FCA week in review February 26 – 29, 2024

News of a new enforcement strategy was the big story of the week.

Enforcement

An eye-catching announcement got the week off to a pacey start as the FCA outlined a new enforcement strategy, and consultation on how that would be implemented. The regulator said it would “will focus on a streamlined portfolio of cases, aligned to its strategic priorities where it can deliver the greatest impact”. The aim is to “increase the deterrent impact of its enforcement actions”.

In a nutshell, this means the FCA will try to say more in public about cases. And it will base those decisions on whether or not it considers greater transparency to be in the public interest.

Therese Chambers, Co-Executive Director, Enforcement and Market Oversight, said the move was part of an effort to “work smarter” and about “communicating what the FCA’s plan is and deterring bad behavior”. The full text of her speech is on the FCA website.

The regulator is seeking feedback on the proposals by April 16, 2024. Industry reaction has centred on how that public interest definition will be applied, and whether the FCA’s internal processes are prepared for the new approach.

Sam Tyfield of Shoosmiths was particularly blunt, saying that “unless there are any actual facts contained in the PR, then “insinuation”, “nods-and-winks” and “nudges” carry with them their own problems”. We gathered reaction and considered the implications of a significant announcement.


Speeches and media

Competition is not working well across the credit ratings data, benchmarking and data vendor markets, according to a new wholesale data market study published by the FCA. But it has found no case for “significant interventions”.

Instead, the regulator will “examine ways to help support wholesale data being provided on fair, reasonable and transparent terms”.

The study found that “users may be paying higher prices for the data they buy than if competition was working more effectively”. Key issues identified were:

There were usually no more than three key providers in each market, each with significant market share.

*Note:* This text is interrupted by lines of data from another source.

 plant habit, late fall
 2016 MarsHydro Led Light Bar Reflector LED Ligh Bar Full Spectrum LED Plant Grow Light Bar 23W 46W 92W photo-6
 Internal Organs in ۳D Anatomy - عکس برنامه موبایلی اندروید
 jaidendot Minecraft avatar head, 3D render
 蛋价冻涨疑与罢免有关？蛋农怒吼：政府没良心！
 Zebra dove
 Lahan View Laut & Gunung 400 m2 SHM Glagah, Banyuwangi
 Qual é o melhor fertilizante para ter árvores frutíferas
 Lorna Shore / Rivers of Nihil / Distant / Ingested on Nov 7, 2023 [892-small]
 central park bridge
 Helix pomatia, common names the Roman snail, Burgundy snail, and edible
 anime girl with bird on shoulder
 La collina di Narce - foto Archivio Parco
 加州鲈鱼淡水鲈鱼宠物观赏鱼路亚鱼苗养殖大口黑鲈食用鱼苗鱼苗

  • Key providers are highly profitable, with operating profit margins of between 30% and 60%.
  • Because users see sources of data from key providers as essential, there are limited alternatives.
  • Barriers prevent challenger firms from providing competition.

The three-month synthetic sterling LIBOR setting ceases permanently on March 28, 2024. The FCA issued what it said would be its final message before the deadline, along with a reminder that US dollar synthetic LIBOR is expected to cease in seven months’ time.

It also published a report under Article 23E of the Benchmarks Regulation (BMR), reviewing whether the use of the regulator’s power under Article 23D(2) of the BMR with respect to three-month synthetic sterling LIBOR has advanced its consumer protection and integrity objectives.